### INPUT
● ● ● ●

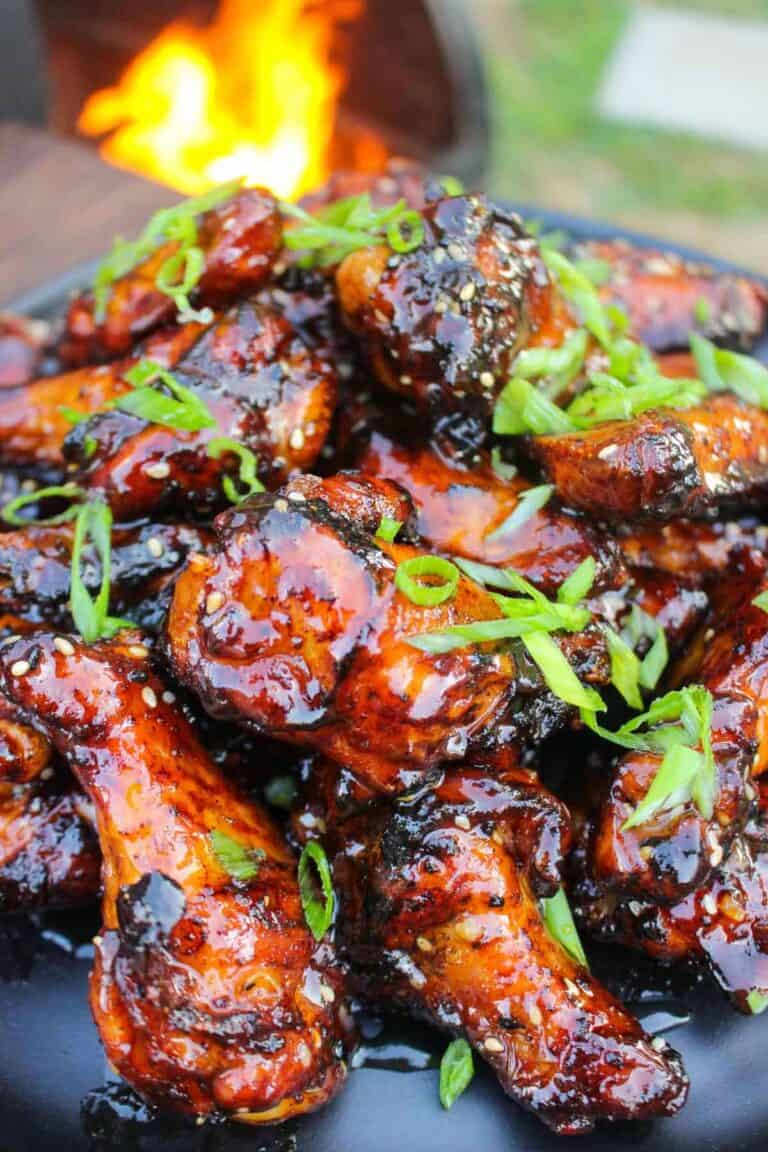 A plate full of sticky wings, garnished and ready to devour!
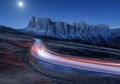 Blurred car headlights on winding road at night Royalty Free Stock Photo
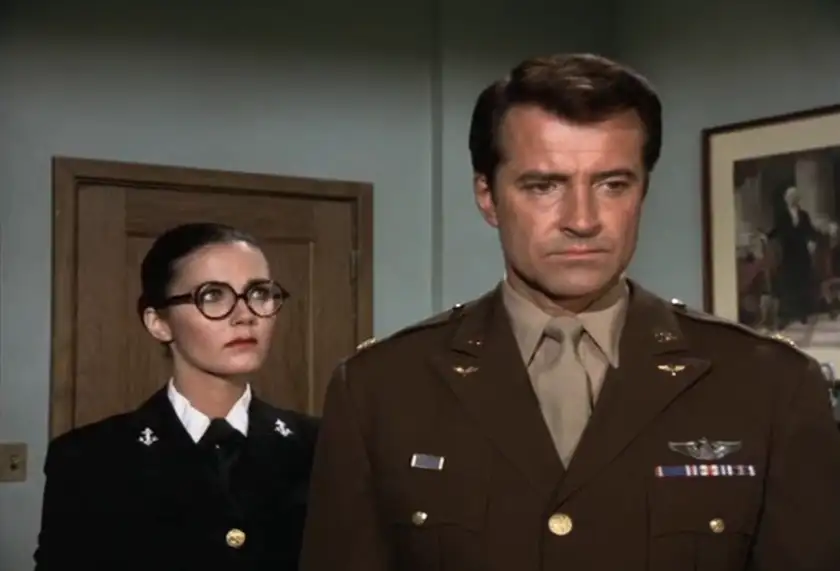 A woman wearing glasses stands behind a man in a military uniform in episode 11 of Wonder Woman (1975)
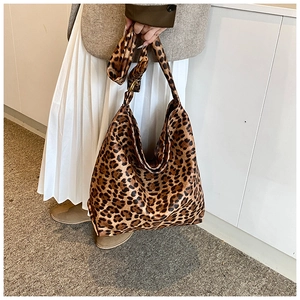 Detail of leopard print canvas hobo bag with wide shoulder strap and matching ribbon tie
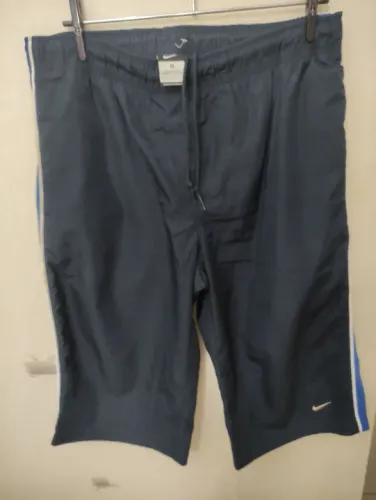 NIKE BERMUDA MASCULINA TAM M 85,00<br>
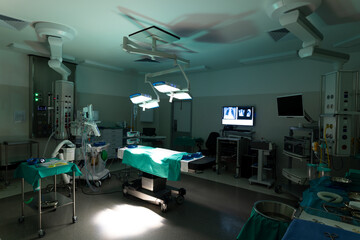 General view of operating theatre at hospital, with operating table and equipment in low light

● ● ● ●

### WORK INSTRUCTION
Every line from the one that holds "Blurred car headlights" to the end of the listing should be output exactly, with pictures left out, please.

### FINISHED EXERCISE
 Blurred car headlights on winding road at night Royalty Free Stock Photo
 A woman wearing glasses stands behind a man in a military uniform in episode 11 of Wonder Woman (1975)
 Detail of leopard print canvas hobo bag with wide shoulder strap and matching ribbon tie
 NIKE BERMUDA MASCULINA TAM M 85,00<br>
 General view of operating theatre at hospital, with operating table and equipment in low light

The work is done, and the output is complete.